> _REQUIREMENT_: The response must restate all of the data word for word.

==== RECORDS FOR PROCESSING

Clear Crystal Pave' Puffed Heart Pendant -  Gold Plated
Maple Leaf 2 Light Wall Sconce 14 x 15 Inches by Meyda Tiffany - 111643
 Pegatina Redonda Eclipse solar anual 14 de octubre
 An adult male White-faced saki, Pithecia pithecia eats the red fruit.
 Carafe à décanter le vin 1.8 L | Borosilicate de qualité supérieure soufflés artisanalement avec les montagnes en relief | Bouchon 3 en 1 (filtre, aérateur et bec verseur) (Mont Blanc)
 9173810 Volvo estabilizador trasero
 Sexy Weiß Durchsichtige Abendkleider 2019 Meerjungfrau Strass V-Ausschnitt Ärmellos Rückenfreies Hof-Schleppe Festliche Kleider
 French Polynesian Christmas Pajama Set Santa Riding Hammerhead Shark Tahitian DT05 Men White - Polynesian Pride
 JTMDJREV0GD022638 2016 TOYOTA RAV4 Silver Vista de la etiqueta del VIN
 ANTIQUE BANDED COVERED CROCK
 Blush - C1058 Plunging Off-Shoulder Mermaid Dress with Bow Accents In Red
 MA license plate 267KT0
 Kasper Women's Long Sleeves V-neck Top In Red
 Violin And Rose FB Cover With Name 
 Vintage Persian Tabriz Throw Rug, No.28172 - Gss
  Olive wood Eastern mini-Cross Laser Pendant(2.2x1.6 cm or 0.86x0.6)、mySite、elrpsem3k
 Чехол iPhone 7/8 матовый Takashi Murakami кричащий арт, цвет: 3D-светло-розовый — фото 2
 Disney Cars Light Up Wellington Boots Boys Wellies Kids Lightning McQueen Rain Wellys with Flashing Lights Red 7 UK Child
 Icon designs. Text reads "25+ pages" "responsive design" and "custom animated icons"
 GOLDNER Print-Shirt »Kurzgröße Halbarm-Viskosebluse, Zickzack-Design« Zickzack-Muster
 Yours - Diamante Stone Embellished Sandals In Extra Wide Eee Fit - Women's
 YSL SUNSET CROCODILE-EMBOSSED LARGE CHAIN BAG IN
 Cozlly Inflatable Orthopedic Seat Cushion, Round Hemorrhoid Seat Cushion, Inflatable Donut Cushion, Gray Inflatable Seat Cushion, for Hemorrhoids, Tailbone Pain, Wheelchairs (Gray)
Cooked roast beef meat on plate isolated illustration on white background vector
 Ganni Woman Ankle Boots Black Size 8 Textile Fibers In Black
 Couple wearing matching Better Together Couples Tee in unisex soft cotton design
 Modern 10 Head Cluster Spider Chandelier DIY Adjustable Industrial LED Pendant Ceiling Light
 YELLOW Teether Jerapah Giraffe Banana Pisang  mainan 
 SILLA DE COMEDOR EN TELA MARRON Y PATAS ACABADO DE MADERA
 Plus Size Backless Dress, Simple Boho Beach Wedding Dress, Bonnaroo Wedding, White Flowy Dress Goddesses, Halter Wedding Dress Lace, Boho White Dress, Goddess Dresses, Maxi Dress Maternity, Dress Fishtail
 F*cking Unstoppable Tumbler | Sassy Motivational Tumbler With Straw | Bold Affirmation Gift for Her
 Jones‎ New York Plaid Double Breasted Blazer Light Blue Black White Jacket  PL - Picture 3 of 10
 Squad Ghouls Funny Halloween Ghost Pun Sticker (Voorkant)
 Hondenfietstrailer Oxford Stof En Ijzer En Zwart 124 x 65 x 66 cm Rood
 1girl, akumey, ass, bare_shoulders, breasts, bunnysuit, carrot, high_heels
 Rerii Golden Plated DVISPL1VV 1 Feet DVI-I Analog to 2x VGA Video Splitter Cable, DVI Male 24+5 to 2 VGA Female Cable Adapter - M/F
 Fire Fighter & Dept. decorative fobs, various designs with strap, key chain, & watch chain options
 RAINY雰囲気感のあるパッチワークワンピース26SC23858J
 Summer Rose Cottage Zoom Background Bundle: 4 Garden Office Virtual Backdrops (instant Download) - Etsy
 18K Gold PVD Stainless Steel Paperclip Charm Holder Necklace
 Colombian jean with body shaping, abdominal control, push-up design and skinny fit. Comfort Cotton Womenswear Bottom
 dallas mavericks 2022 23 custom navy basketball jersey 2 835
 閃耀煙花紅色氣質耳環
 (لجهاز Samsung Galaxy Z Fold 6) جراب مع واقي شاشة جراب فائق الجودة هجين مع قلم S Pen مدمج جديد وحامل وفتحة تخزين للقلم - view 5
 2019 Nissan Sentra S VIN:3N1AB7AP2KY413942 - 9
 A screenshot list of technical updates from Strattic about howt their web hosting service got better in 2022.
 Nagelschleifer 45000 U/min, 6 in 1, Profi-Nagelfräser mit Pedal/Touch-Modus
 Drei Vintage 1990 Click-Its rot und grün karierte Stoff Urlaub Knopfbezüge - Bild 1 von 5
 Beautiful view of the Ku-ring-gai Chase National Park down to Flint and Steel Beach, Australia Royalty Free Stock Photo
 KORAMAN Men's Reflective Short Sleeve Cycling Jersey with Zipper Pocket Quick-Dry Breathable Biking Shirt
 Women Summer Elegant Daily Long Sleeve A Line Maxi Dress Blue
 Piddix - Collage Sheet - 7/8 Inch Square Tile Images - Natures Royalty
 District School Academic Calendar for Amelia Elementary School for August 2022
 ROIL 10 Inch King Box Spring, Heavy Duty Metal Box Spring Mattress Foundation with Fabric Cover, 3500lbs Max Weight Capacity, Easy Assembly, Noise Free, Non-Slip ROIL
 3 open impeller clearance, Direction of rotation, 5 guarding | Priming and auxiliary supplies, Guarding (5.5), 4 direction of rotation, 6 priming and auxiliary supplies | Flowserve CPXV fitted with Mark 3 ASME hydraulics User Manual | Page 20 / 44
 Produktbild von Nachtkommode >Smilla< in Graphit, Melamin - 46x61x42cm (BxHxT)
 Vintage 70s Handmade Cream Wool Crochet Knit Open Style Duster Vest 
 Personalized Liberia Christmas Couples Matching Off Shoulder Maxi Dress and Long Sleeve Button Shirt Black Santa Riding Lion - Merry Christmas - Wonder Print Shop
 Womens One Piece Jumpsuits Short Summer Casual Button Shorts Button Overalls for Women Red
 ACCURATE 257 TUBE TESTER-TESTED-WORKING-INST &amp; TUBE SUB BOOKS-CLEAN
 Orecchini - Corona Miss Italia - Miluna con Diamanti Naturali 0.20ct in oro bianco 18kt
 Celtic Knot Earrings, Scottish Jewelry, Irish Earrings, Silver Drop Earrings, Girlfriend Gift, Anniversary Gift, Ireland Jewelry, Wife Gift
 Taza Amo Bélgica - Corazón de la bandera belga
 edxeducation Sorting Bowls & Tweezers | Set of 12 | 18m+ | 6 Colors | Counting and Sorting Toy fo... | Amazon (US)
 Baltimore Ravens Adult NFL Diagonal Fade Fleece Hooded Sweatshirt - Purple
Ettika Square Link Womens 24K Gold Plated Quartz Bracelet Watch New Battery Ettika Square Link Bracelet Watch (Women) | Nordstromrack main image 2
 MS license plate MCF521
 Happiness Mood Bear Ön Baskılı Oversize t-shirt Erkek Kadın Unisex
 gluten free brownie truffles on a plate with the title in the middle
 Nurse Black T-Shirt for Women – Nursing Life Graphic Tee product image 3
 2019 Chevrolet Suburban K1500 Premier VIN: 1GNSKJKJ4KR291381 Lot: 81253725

========

> _RESPONSE BELOW_:
Clear Crystal Pave' Puffed Heart Pendant -  Gold Plated
Maple Leaf 2 Light Wall Sconce 14 x 15 Inches by Meyda Tiffany - 111643
 Pegatina Redonda Eclipse solar anual 14 de octubre
 An adult male White-faced saki, Pithecia pithecia eats the red fruit.
 Carafe à décanter le vin 1.8 L | Borosilicate de qualité supérieure soufflés artisanalement avec les montagnes en relief | Bouchon 3 en 1 (filtre, aérateur et bec verseur) (Mont Blanc)
 9173810 Volvo estabilizador trasero
 Sexy Weiß Durchsichtige Abendkleider 2019 Meerjungfrau Strass V-Ausschnitt Ärmellos Rückenfreies Hof-Schleppe Festliche Kleider
 French Polynesian Christmas Pajama Set Santa Riding Hammerhead Shark Tahitian DT05 Men White - Polynesian Pride
 JTMDJREV0GD022638 2016 TOYOTA RAV4 Silver Vista de la etiqueta del VIN
 ANTIQUE BANDED COVERED CROCK
 Blush - C1058 Plunging Off-Shoulder Mermaid Dress with Bow Accents In Red
 MA license plate 267KT0
 Kasper Women's Long Sleeves V-neck Top In Red
 Violin And Rose FB Cover With Name 
 Vintage Persian Tabriz Throw Rug, No.28172 - Gss
  Olive wood Eastern mini-Cross Laser Pendant(2.2x1.6 cm or 0.86x0.6)、mySite、elrpsem3k
 Чехол iPhone 7/8 матовый Takashi Murakami кричащий арт, цвет: 3D-светло-розовый — фото 2
 Disney Cars Light Up Wellington Boots Boys Wellies Kids Lightning McQueen Rain Wellys with Flashing Lights Red 7 UK Child
 Icon designs. Text reads "25+ pages" "responsive design" and "custom animated icons"
 GOLDNER Print-Shirt »Kurzgröße Halbarm-Viskosebluse, Zickzack-Design« Zickzack-Muster
 Yours - Diamante Stone Embellished Sandals In Extra Wide Eee Fit - Women's
 YSL SUNSET CROCODILE-EMBOSSED LARGE CHAIN BAG IN
 Cozlly Inflatable Orthopedic Seat Cushion, Round Hemorrhoid Seat Cushion, Inflatable Donut Cushion, Gray Inflatable Seat Cushion, for Hemorrhoids, Tailbone Pain, Wheelchairs (Gray)
Cooked roast beef meat on plate isolated illustration on white background vector
 Ganni Woman Ankle Boots Black Size 8 Textile Fibers In Black
 Couple wearing matching Better Together Couples Tee in unisex soft cotton design
 Modern 10 Head Cluster Spider Chandelier DIY Adjustable Industrial LED Pendant Ceiling Light
 YELLOW Teether Jerapah Giraffe Banana Pisang  mainan 
 SILLA DE COMEDOR EN TELA MARRON Y PATAS ACABADO DE MADERA
 Plus Size Backless Dress, Simple Boho Beach Wedding Dress, Bonnaroo Wedding, White Flowy Dress Goddesses, Halter Wedding Dress Lace, Boho White Dress, Goddess Dresses, Maxi Dress Maternity, Dress Fishtail
 F*cking Unstoppable Tumbler | Sassy Motivational Tumbler With Straw | Bold Affirmation Gift for Her
 Jones‎ New York Plaid Double Breasted Blazer Light Blue Black White Jacket  PL - Picture 3 of 10
 Squad Ghouls Funny Halloween Ghost Pun Sticker (Voorkant)
 Hondenfietstrailer Oxford Stof En Ijzer En Zwart 124 x 65 x 66 cm Rood
 1girl, akumey, ass, bare_shoulders, breasts, bunnysuit, carrot, high_heels
 Rerii Golden Plated DVISPL1VV 1 Feet DVI-I Analog to 2x VGA Video Splitter Cable, DVI Male 24+5 to 2 VGA Female Cable Adapter - M/F
 Fire Fighter & Dept. decorative fobs, various designs with strap, key chain, & watch chain options
 RAINY雰囲気感のあるパッチワークワンピース26SC23858J
 Summer Rose Cottage Zoom Background Bundle: 4 Garden Office Virtual Backdrops (instant Download) - Etsy
 18K Gold PVD Stainless Steel Paperclip Charm Holder Necklace
 Colombian jean with body shaping, abdominal control, push-up design and skinny fit. Comfort Cotton Womenswear Bottom
 dallas mavericks 2022 23 custom navy basketball jersey 2 835
 閃耀煙花紅色氣質耳環
 (لجهاز Samsung Galaxy Z Fold 6) جراب مع واقي شاشة جراب فائق الجودة هجين مع قلم S Pen مدمج جديد وحامل وفتحة تخزين للقلم - view 5
 2019 Nissan Sentra S VIN:3N1AB7AP2KY413942 - 9
 A screenshot list of technical updates from Strattic about howt their web hosting service got better in 2022.
 Nagelschleifer 45000 U/min, 6 in 1, Profi-Nagelfräser mit Pedal/Touch-Modus
 Drei Vintage 1990 Click-Its rot und grün karierte Stoff Urlaub Knopfbezüge - Bild 1 von 5
 Beautiful view of the Ku-ring-gai Chase National Park down to Flint and Steel Beach, Australia Royalty Free Stock Photo
 KORAMAN Men's Reflective Short Sleeve Cycling Jersey with Zipper Pocket Quick-Dry Breathable Biking Shirt
 Women Summer Elegant Daily Long Sleeve A Line Maxi Dress Blue
 Piddix - Collage Sheet - 7/8 Inch Square Tile Images - Natures Royalty
 District School Academic Calendar for Amelia Elementary School for August 2022
 ROIL 10 Inch King Box Spring, Heavy Duty Metal Box Spring Mattress Foundation with Fabric Cover, 3500lbs Max Weight Capacity, Easy Assembly, Noise Free, Non-Slip ROIL
 3 open impeller clearance, Direction of rotation, 5 guarding | Priming and auxiliary supplies, Guarding (5.5), 4 direction of rotation, 6 priming and auxiliary supplies | Flowserve CPXV fitted with Mark 3 ASME hydraulics User Manual | Page 20 / 44
 Produktbild von Nachtkommode >Smilla< in Graphit, Melamin - 46x61x42cm (BxHxT)
 Vintage 70s Handmade Cream Wool Crochet Knit Open Style Duster Vest 
 Personalized Liberia Christmas Couples Matching Off Shoulder Maxi Dress and Long Sleeve Button Shirt Black Santa Riding Lion - Merry Christmas - Wonder Print Shop
 Womens One Piece Jumpsuits Short Summer Casual Button Shorts Button Overalls for Women Red
 ACCURATE 257 TUBE TESTER-TESTED-WORKING-INST &amp; TUBE SUB BOOKS-CLEAN
 Orecchini - Corona Miss Italia - Miluna con Diamanti Naturali 0.20ct in oro bianco 18kt
 Celtic Knot Earrings, Scottish Jewelry, Irish Earrings, Silver Drop Earrings, Girlfriend Gift, Anniversary Gift, Ireland Jewelry, Wife Gift
 Taza Amo Bélgica - Corazón de la bandera belga
 edxeducation Sorting Bowls & Tweezers | Set of 12 | 18m+ | 6 Colors | Counting and Sorting Toy fo... | Amazon (US)
 Baltimore Ravens Adult NFL Diagonal Fade Fleece Hooded Sweatshirt - Purple
Ettika Square Link Womens 24K Gold Plated Quartz Bracelet Watch New Battery Ettika Square Link Bracelet Watch (Women) | Nordstromrack main image 2
 MS license plate MCF521
 Happiness Mood Bear Ön Baskılı Oversize t-shirt Erkek Kadın Unisex
 gluten free brownie truffles on a plate with the title in the middle
 Nurse Black T-Shirt for Women – Nursing Life Graphic Tee product image 3
 2019 Chevrolet Suburban K1500 Premier VIN: 1GNSKJKJ4KR291381 Lot: 81253725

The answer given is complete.